What licensees need to know
From 1 October 2020, Gambling Commission-licensed operators are required to enforce the following:
- Sponsored/paid-for social media advertisements must be targeted at consumers aged 25+. This requirement relates solely to prospecting campaigns where the targeted audience is not already verified through an operator’s own age verification processes;
- Given improvements in identification technology if a social media platform can verifiably prove that its age gating systems can prevent under 18s from accessing the gambling advertising content, a possibility exists that the above age filter may be reduced to 18+;
- Organic YouTube content produced by an operator as well an operator’s own YouTube channels must be age-restricted to 18+ to ensure users log in to age-verified accounts in order to view content;
- Operators should undertake reasonable endeavours to exclude from their paid-for social media campaigns (a) customers with an active self-exclusion or cool-off period and (b) those assessed by an operator as ‘higher risk’;
- Operators must use their own social media pages to post frequent safer gambling related information; and
- Operators must provide information (in an easily accessible and sufficiently prominent manner) on how customers can limit their exposure to gambling advertising across social media platforms.
In other areas, further changes to the Industry Code include:
- Search advertisements must clearly contain 18+ messaging in the advertisement copy, along with safer gambling messaging within the core ad format;
- The BGC will collate (and regularly update) a shared blacklist of negative keywords, against which no gambling advertising should be served.
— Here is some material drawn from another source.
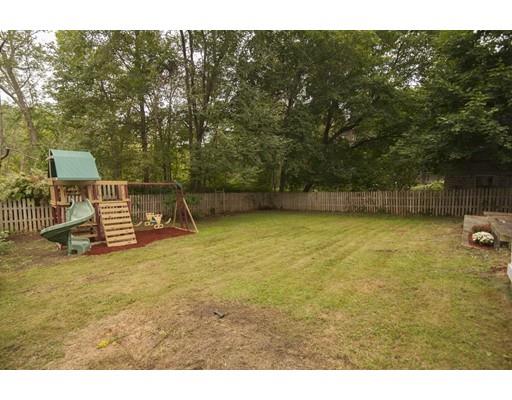 514 Maple St, Danvers, MA 01923 photo 25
This blacklist will include keywords that (a) indicate vulnerability and (b) relate to children. Operators must, “in a timely fashion”, incorporate the keyword blacklist into all relevant campaigns where applicable;
- These requirements will also apply to any affiliate marketing carried out on behalf of an operator.
- All affiliates must be subject to due diligence and PEPS/sanctions checks. KYC checks should also be conducted, wherever relevant.
- Affiliates must comply with all relevant regulatory and legislative requirements including CAP’s guidance on ensuring advertisements are obviously identifiable as such. In order to promote consistency, all relevant affiliate ads should be clearly and prominently marked ‘#ad’;
- Relevant affiliates must share safer gambling related content on a regular basis with each individual operator with whom that affiliate has an agreement;
- It is expected that (a) compliance with the above requirements will be managed by way of contractual obligations imposed by operators and (b) operators will terminate relationships with affiliates that cannot or do not comply, the Industry Code adding that this will be “preferably on a one strike and you’re out rule” basis.
As many will already be aware, ordinary code provision 5.1.8 of the Licence Conditions and Codes of Practice states: “[l]icensees should follow any relevant industry code on advertising, notably the Gambling Industry Code for Socially Responsible Advertising”.
The Industry Code states that it aims for the above changes to “better protect children and vulnerable consumers online”, with BGC Chief Executive, Michael Dugher, further adding:
“We have made excellent progress in recent times and the Industry Code for Socially Responsible Advertising is updated as technology evolves. The latest edition is further evidence of our determination to continue to ensure that standards are rising and are as high as they can possibly be”.
The measures are certainly timely in light of the Advertising Standards Authority’s findings published in August 2020, which revealed that four operators had breached age-restricted advertising rules.
Whistle-blowing at its finest
By contrast, in other avenues of advertising, the ‘whistle-to-whistle’ ban (introduced under John Hagan’s leadership as former Chair of IGRG) has proven markedly effective, with the BGC noting that betting advertisements seen by children has since fallen by 97% and that the amount of gambling advertisements viewed by children has fallen by 70% over the full duration of live sport programmes.